PROMPT:
Copy only those lines which run from the line containing "Ultimate Devouring System" to the end of the entries below, both inclusive, exactly as written and with no pictures.

Saved data entries:
□ □ □ □ □
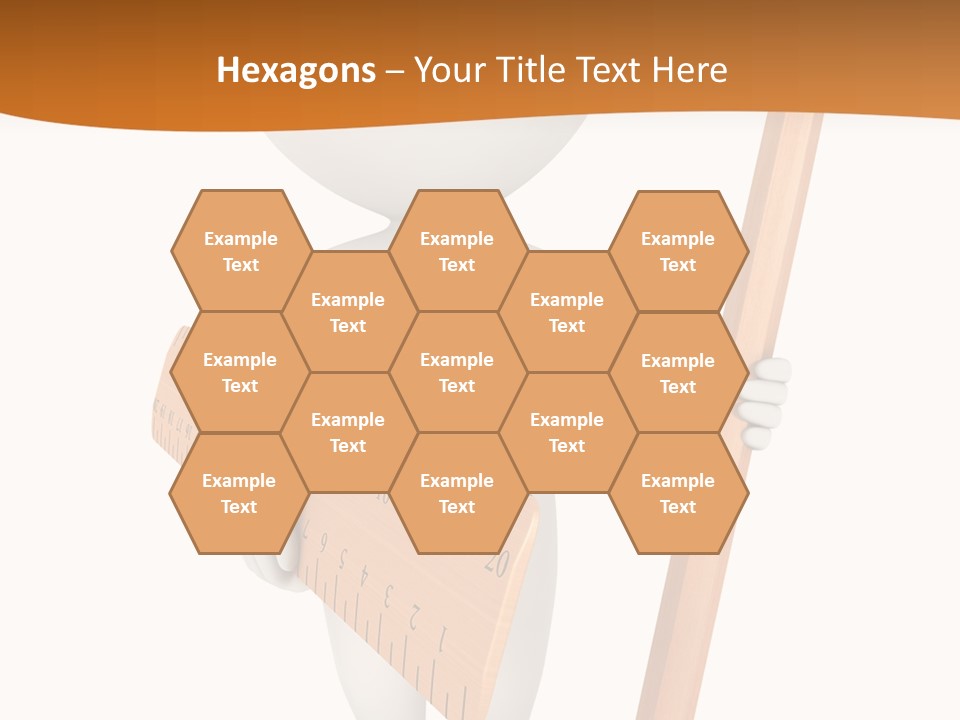 Render People Engineer PowerPoint Template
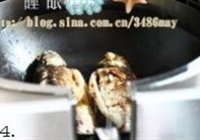 鱼汤手擀面的做法 步骤4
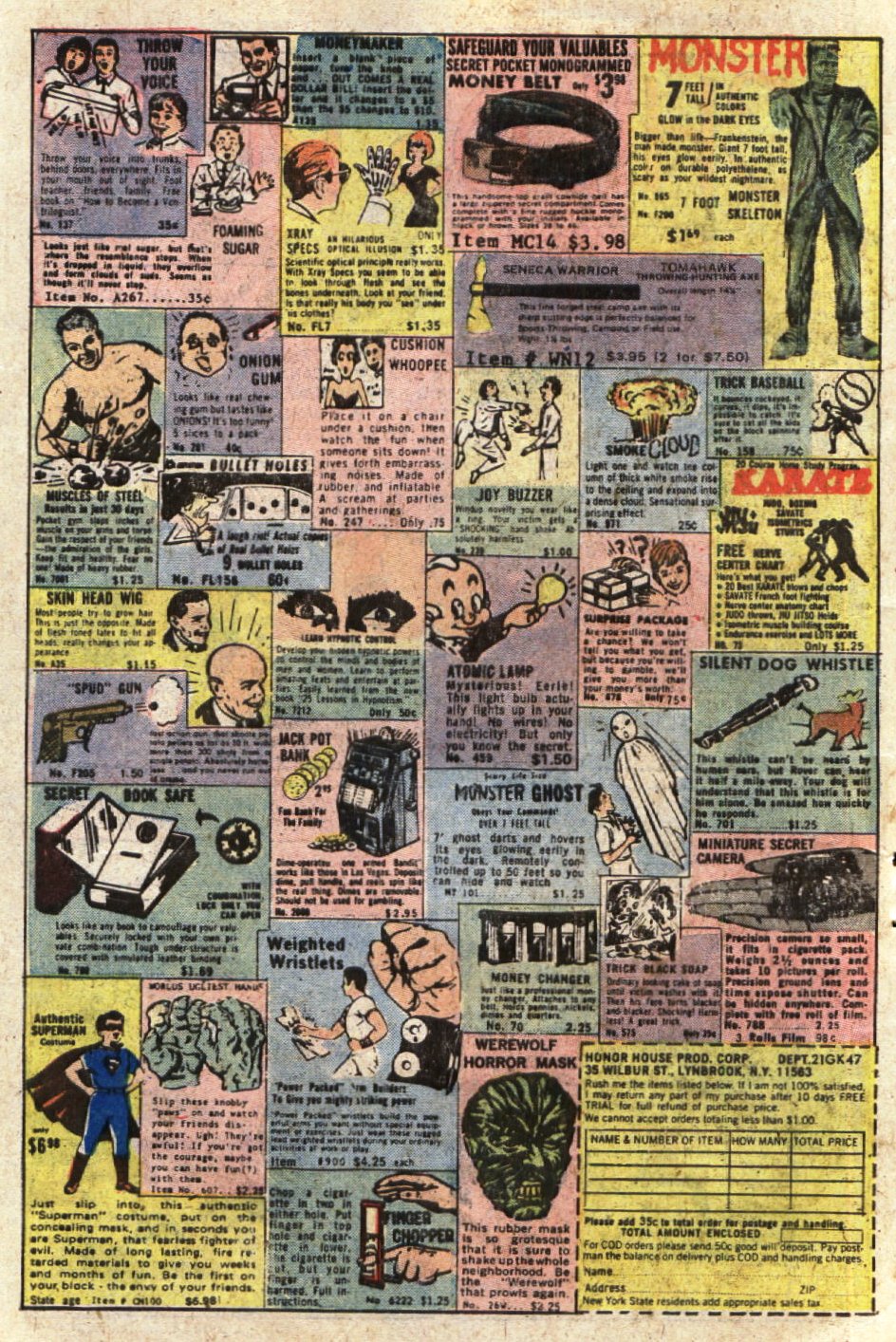 Read online Scary Tales comic -  Issue #5 - 14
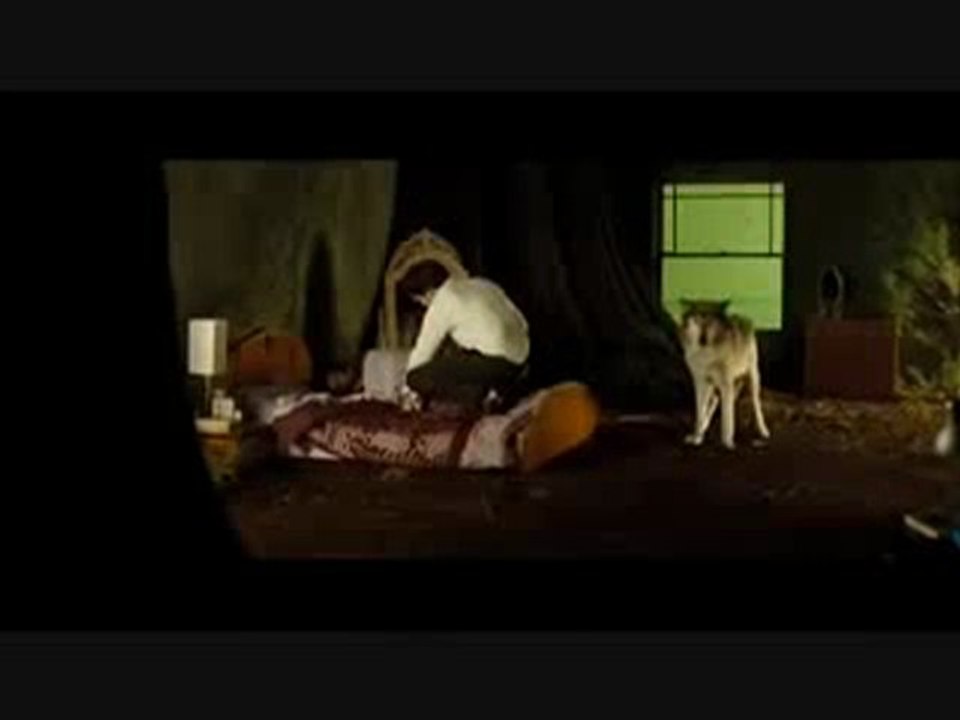 New Moon - Bella's nightmare - Inédit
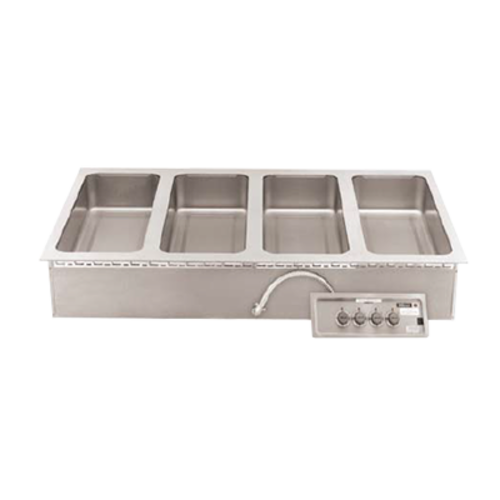 Wells MOD-427TDM Hot Food Well Unit, Drop-In, Electric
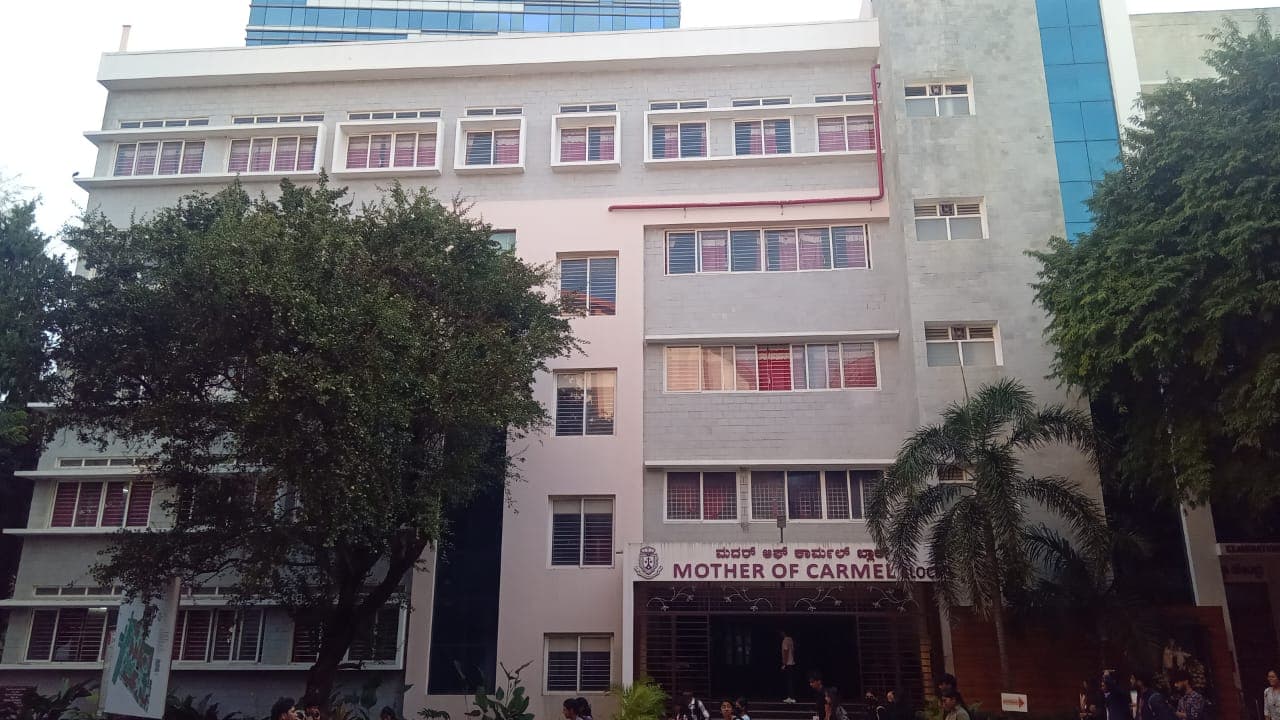 Mount Carmel College Autonomous Academic photo 10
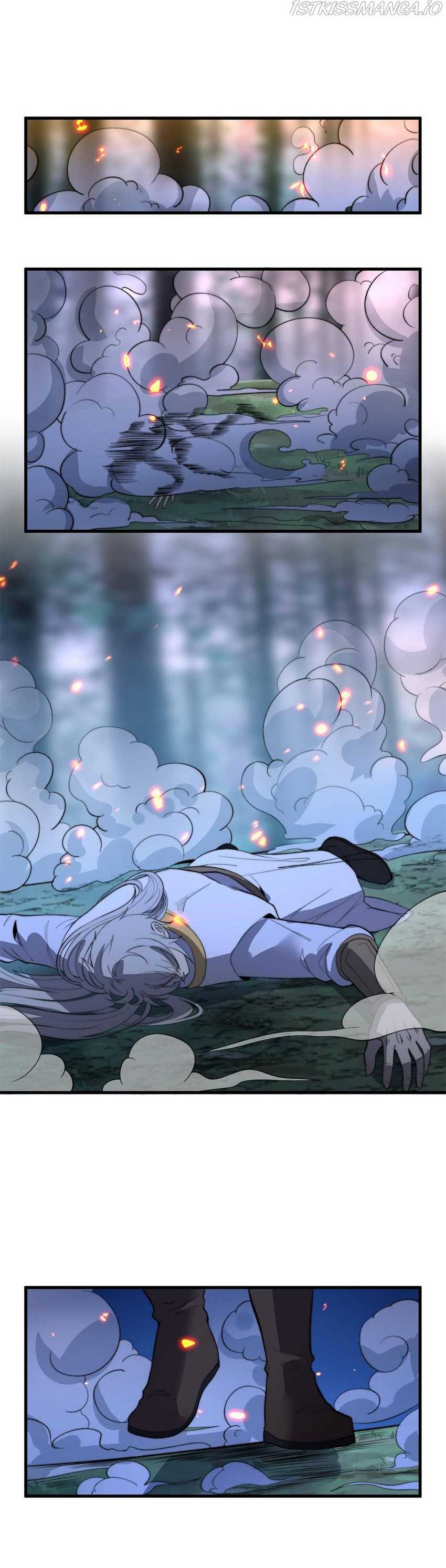 Ultimate Devouring System Chapter 16 Gambar 17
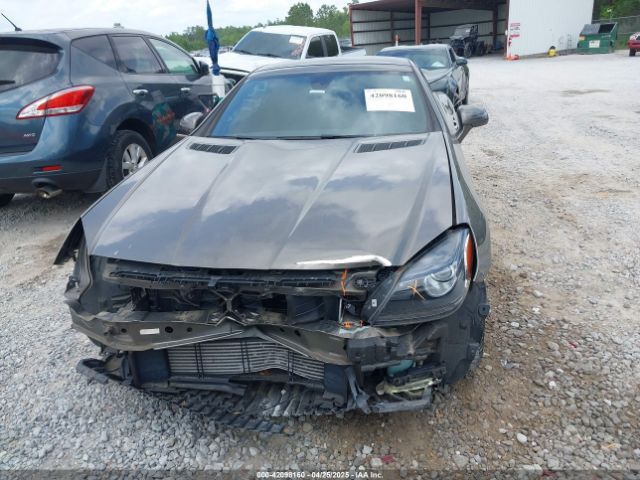 WDDPK4HA5FF110938 Mercedes-Benz SLK 250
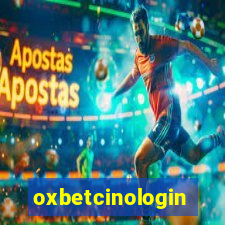oxbetcinologin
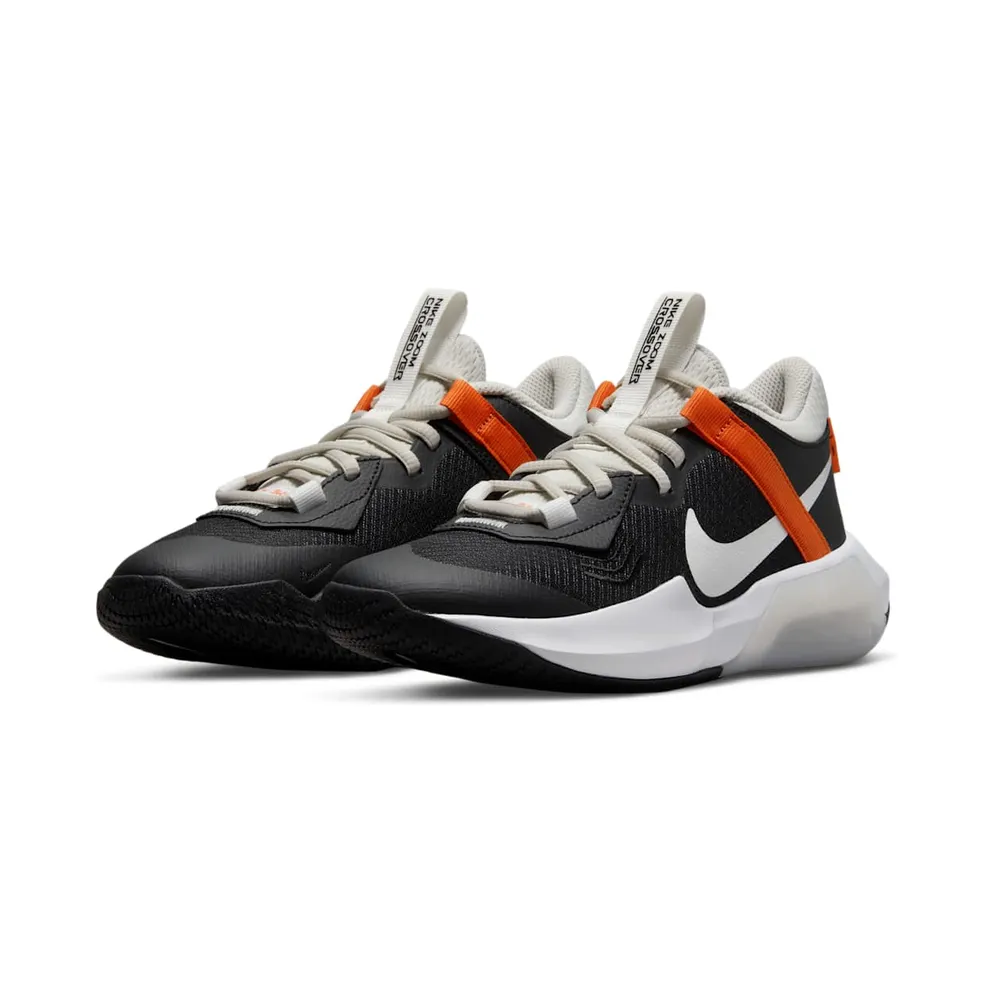 Nike Air Zoom Crossover Older Kids’ Basketball Black (DC5216-004)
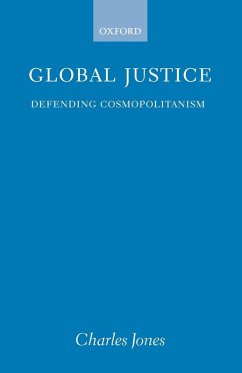 Cover Global Justice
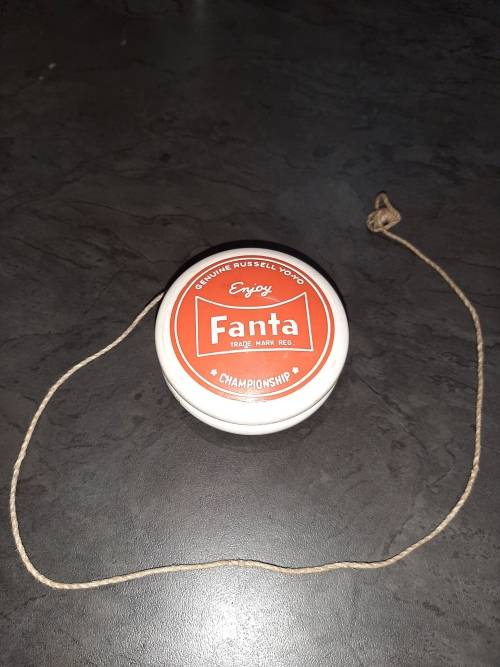 Fanta yoyo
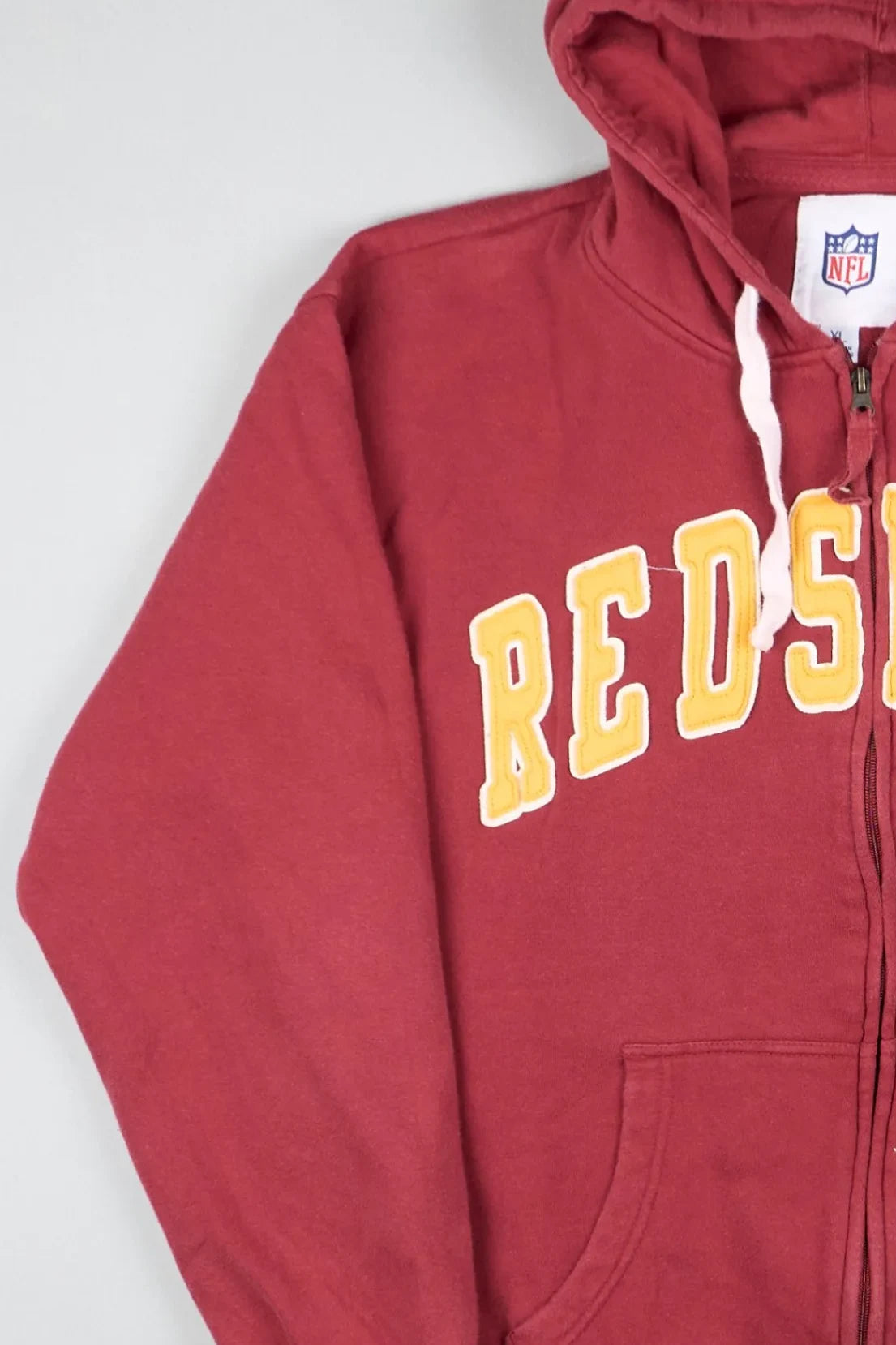 NFL - Full Zip (XL) Left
□ □ □ □ □
RESPONSE:
 Ultimate Devouring System Chapter 16 Gambar 17
 WDDPK4HA5FF110938 Mercedes-Benz SLK 250
oxbetcinologin
 Nike Air Zoom Crossover Older Kids’ Basketball Black (DC5216-004)
 Cover Global Justice
 Fanta yoyo
 NFL - Full Zip (XL) Left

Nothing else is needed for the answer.